The figure shows that at \(t = 0.3\) s, the stent struts undergo no axial displacement, while the tissue in-between the struts and throughout the thick wall, stretch in the direction of flow, showing a “skirt” pattern along the lumen circumference, i.e., at the fluid–structure interface. At \(t=0.35\) s the stent struts start “catching up”, producing non-zero axial displacement following the motion of the fluid. The stent strut displacement is, however, still smaller than that of the surrounding tissue, producing again a skirt pattern in the azymuthal direction within the stent. Figure 15 clearly shows high intramural axial displacement gradients, contributing to the events associated with in-stent restenosis.
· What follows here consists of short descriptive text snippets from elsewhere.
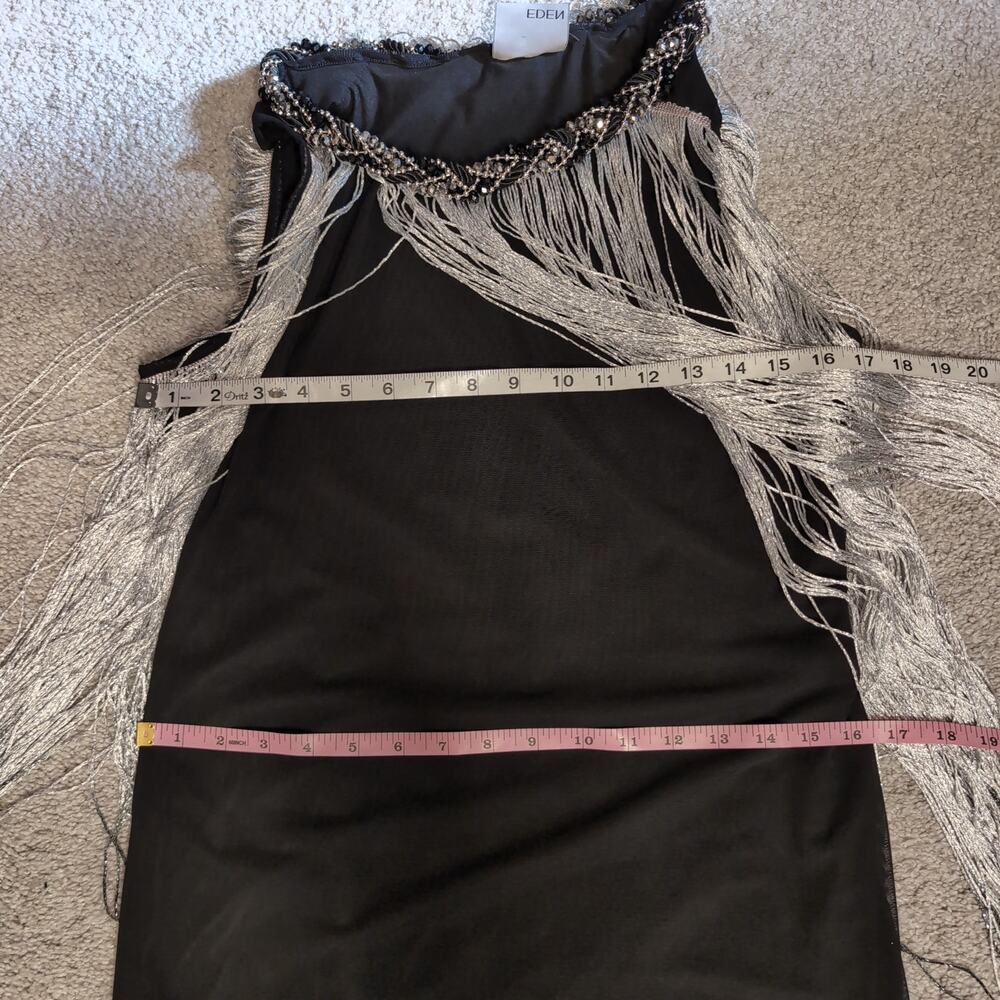 Fringe Gothic Glam Metallic Dress - Picture 8 of 8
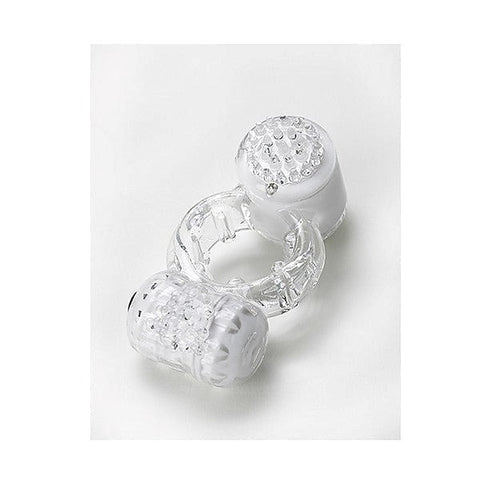 Premium Duet Cock Ring Clear by Vibratex - Cock Rings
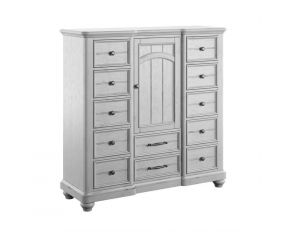 New Haven Master Chest in Weathered White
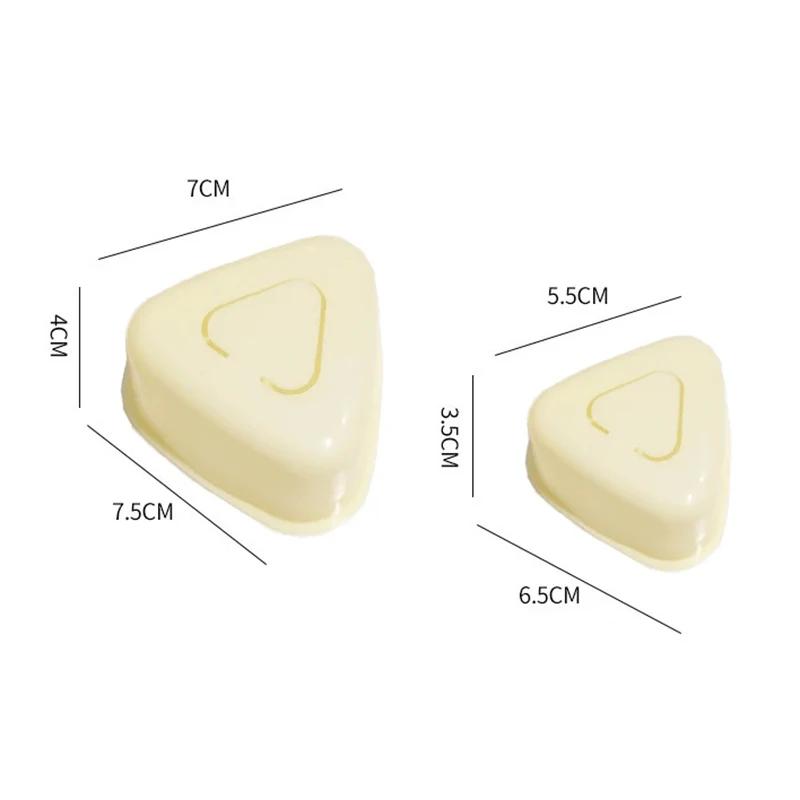 WIKHOSTAR Форма для суши, сделай сам, онигири, рисовые шарики, пищевой пресс, треугольная форма для приготовления суши, аксессуары для бенто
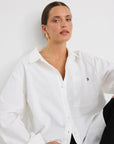 STORIES BE TOLD SIGNATURE OXFORD IVORY SHIRT
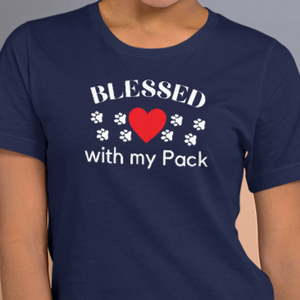 Blessed with my Pack T-Shirts - Dark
This example shows the feasibility of our model to provide various novel pieces of information that can be used to study the interaction between blood flow and fully expanded stents implanted within stenotic lesions.

5 Conclusions

This work presents a first monolithic computational fluid–composite structure interaction model designed to capture the interaction between blood flow and a diseased multi-layered arterial wall treated with a vascular prostheses called stent. The model can capture the presence of atheroma, a fatty material that forms plaque in arteries, the multi-layered structure of arterial walls, and the presence of a vascular prosthesis, called a stent. The arterial wall is modeled as a two-layered structure, while the atheroma is modeled by the change in the elasticity coefficients in the thick structure layer. The stent is modeled by the change in the elasticity coefficients in the thin structure layer in places where the stent struts are located, forming a mesh-like pattern following the geometric distribution of struts in a particular stent. The two structural layers are coupled via the no-slip condition, and balance of forces, which models “glued” structures. In particular, the stent is glued to the atheroma region. Different coupling conditions may be used to capture different physical/physiological phenomena, including stent migration, or slip between the stent and atheroma, which has been associated with under-expanded stents.
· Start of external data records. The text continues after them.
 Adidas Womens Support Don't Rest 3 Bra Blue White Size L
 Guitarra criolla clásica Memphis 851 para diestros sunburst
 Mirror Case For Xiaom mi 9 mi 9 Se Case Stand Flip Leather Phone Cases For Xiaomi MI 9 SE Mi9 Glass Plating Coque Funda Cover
Three examples were considered, each showing a new feature of the fluid–structure interaction model with composite structures, presented in this manuscript. The first example considers FSI between fluid flow and a two-layered cylindrical structure, showing the smoothing effects of the thin fluid–structure interface with mass. The second example considers FSI between fluid flow (blood flow) and a multi-layered structure (arterial wall) with a thick structure of varying stiffness and thickness (atheroma). The results show high intramural strains during cardiac cycle due to the presence of atheroma in the arterial wall. The third example considers FSI between fluid flow (blood) and a multi-layered structure (arterial wall), with a thick structure of varying stiffness and thickness to model atheroma, and a thin structure of varying stiffness to model a fully expanded vascular stent anchored to the arterial wall. Various novel pieces of information can be deduced from the simulations based on investigating intramural displacement and strain distribution for both the radial and longitudinal displacements. Since the particular geometry of stent struts is well-captured, this model provides an indispensable tool to study the influence of different stent geometries on arterial intramural stress and strain distribution as well as flow patterns, all of which have been associated with an onset of a cascade of events leading to potential pathogeneses within the arterial wall. The model presented in this manuscript can be easily extended to more than two structural layers to capture a more realistic multi-layered structure of arterial walls.